Prove that $NANDHARD \in \mathbf{EXP}$.
(Challenge) Prove that there is an algorithm $FINDHARD$ such that if $n$ is sufficiently large, then $FINDHARD(1^n)$ runs in time $2^{2^{O(n)}}$ and outputs a string $f \in {0,1}^{2^n}$ that is the truth table of a function that is not contained in $SIZE(2^n/(1000n))$. (In other words, if $f$ is the string output by $FINDHARD(1^n)$ then if we let $F:{0,1}^n \rightarrow {0,1}$ be the function such that $F(x)$ outputs the $x$-th coordinate of $f$, then $F\not\in SIZE(2^n/(1000n))$.^[Hint: Use Item 1, the existence of functions requiring exponentially hard NAND programs, and the fact that there are only finitely many functions mapping ${0,1}^n$ to ${0,1}$.]
:::
::: {.exercise #scheduleprogex}
Suppose that you are in charge of scheduling courses in computer science in University X. In University X, computer science students wake up late, and have to work on their startups in the afternoon, and take long weekends with their investors. So you only have two possible slots: you can schedule a course either Monday-Wednesday 11am-1pm or Tuesday-Thursday 11am-1pm.

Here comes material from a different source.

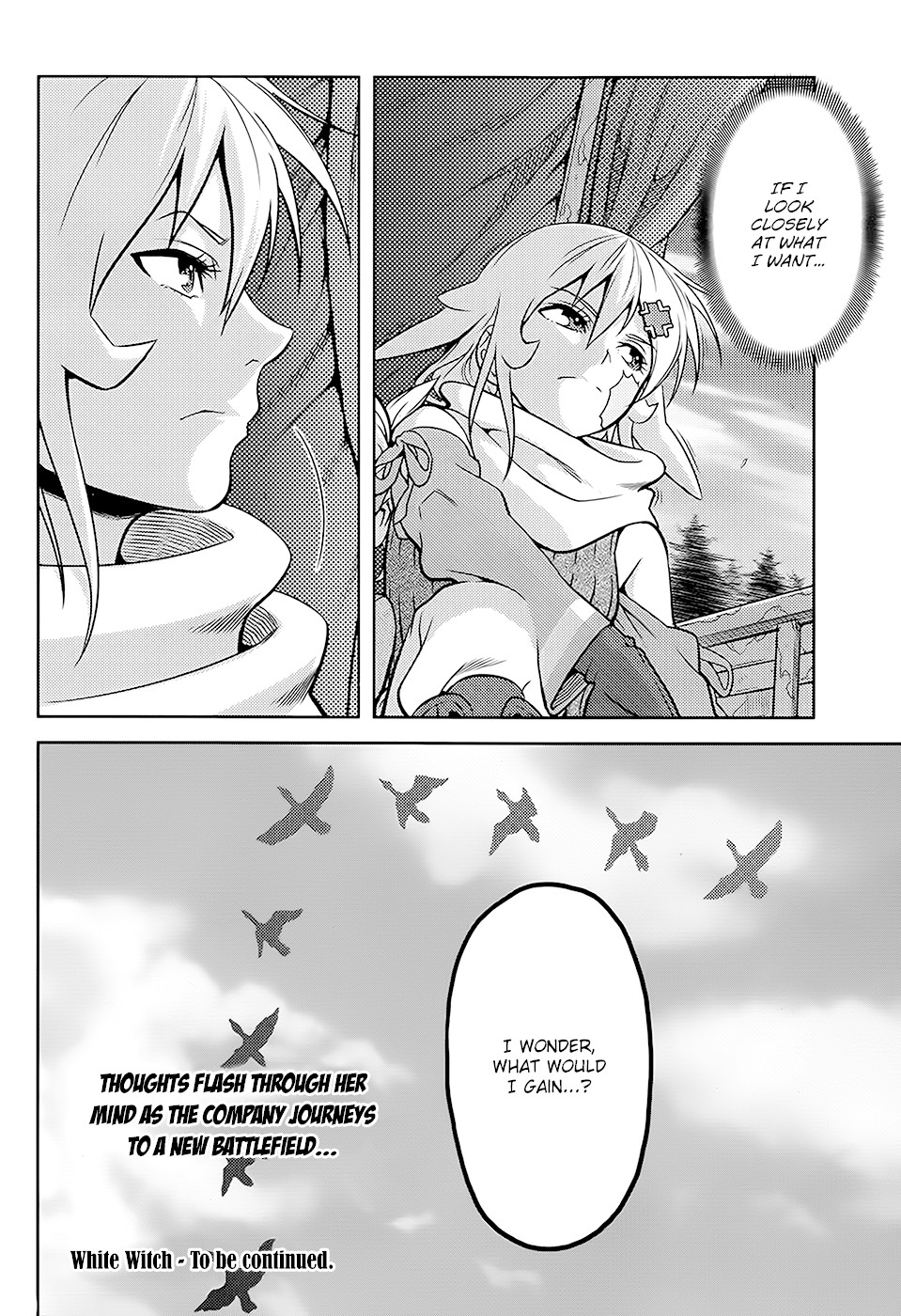 The White Witch - Beautiful Sniper Chapter 5 page 21 - Chapter 5: The Witch's Enemy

Let $SCHEDULE:{0,1}^* \rightarrow {0,1}$ be the function that takes as input a list of courses $L$ and a list of conflicts$C$ (i.e., list of pairs of courses that cannot share the same time slot) and outputs $1$ if and only if there is a "conflict free" scheduling of the courses in $L$, where no pair in $C$ is scheduled in the same time slot.
More precisely, the list $L$ is a list of strings $(c_0,\ldots,c_{n-1})$ and the list $C$ is a list of pairs of the form $(c_i,c_j)$. $SCHEDULE(L,C)=1$ if and only if there exists a partition of $c_0,\ldots,c_{n-1}$ into two parts so that there is no pair $(c_i,c_j) \in C$ such that both $c_i$ and $c_j$ are in the same part.

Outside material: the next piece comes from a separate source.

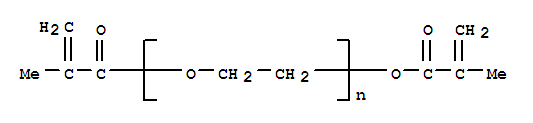 Poly(oxy-1,2-ethanediyl),a-(2-methyl-1-oxo-2-propen-1-yl)-w-[(2-methyl-1-oxo-2-propen-1-yl)oxy]-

Prove that $SCHEDULE \in \mathbf{P}$. As usual, you do not have to provide the full code to show that this is the case, and can describe operations as a high level, as well as appeal to any data structures or other results mentioned in the book or in lecture. Note that to show that a function $F$ is in $\mathbf{P}$ you need to both (1) present an algorithm $A$ that computes $F$ in polynomial time, (2)prove that $A$ does indeed run in polynomial time, and does indeed compute the correct answer.

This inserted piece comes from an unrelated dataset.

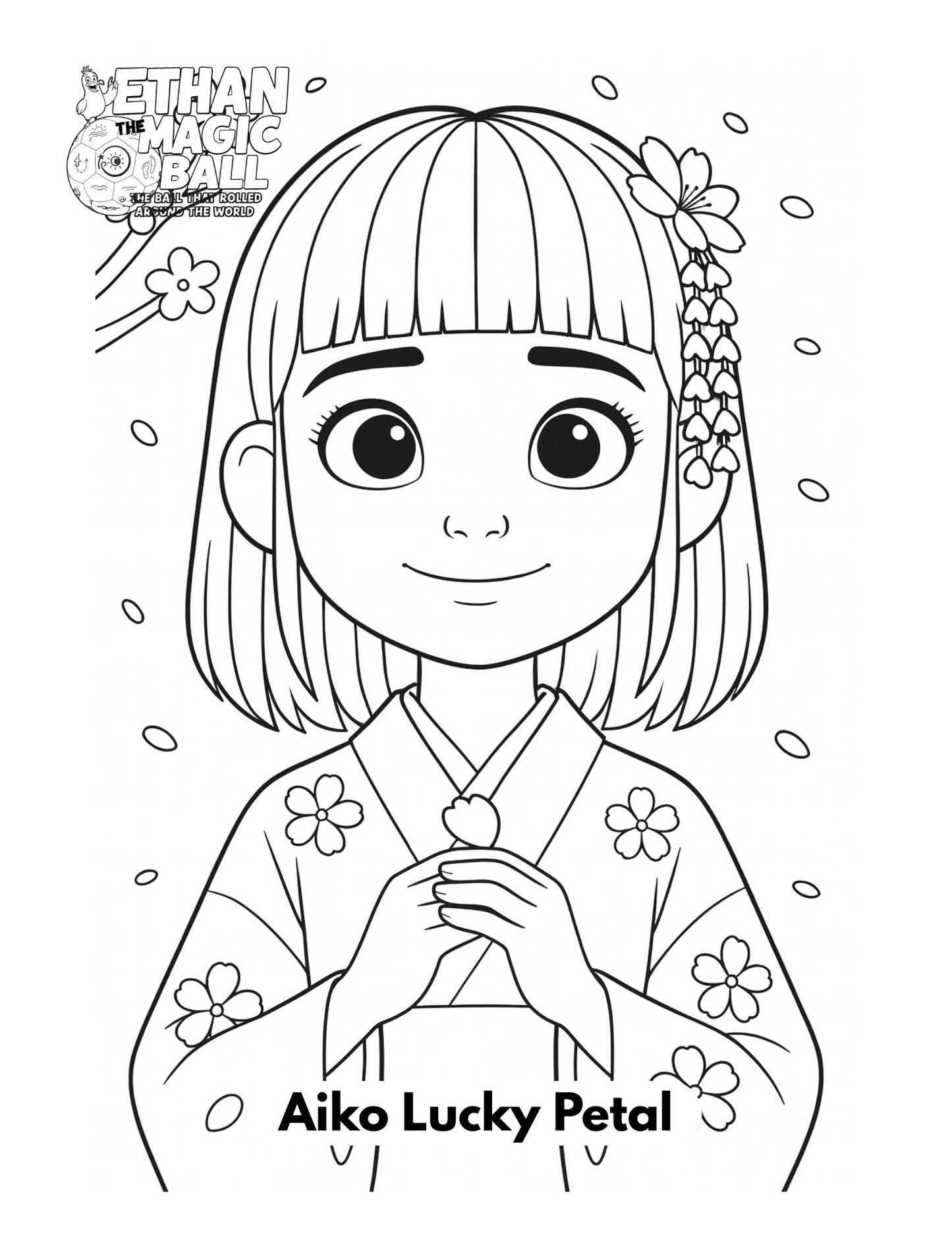 Lucky Petal (Activity Book)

Try to think whether or not your algorithm extends to the case where there are three possible time slots.
:::
Bibliographical notes {#bibnotesrunningtime }
Because we are interested in the maximum number of steps for inputs of a given length, running-time as we defined it is often known as worst case complexity. The minimum number of steps (or "best case" complexity) to compute a function on length $n$ inputs is typically not a meaningful quantity since essentially every natural problem will have some trivially easy instances.
However, the average case complexity (i.e., complexity on a "typical" or "random" input) is an interesting concept which we'll return to when we discuss cryptography.
That said, worst-case complexity is the most standard and basic of the complexity measures, and will be our focus in most of this book.
Some lower bounds for single-tape Turing machines are given in [@maass1985combinatorial].
For defining efficiency in the $\lambda$ calculus, one needs to be careful about the order of application of the reduction steps, which can matter for computational efficiency, see for example this paper.
The notation $\mathbf{P_{/poly}}$ is used for historical reasons.
It was introduced by Karp and Lipton, who considered this class as corresponding to functions that can be computed by polynomial-time Turing machines that are given for any input length $n$ an advice string of length polynomial in $n$.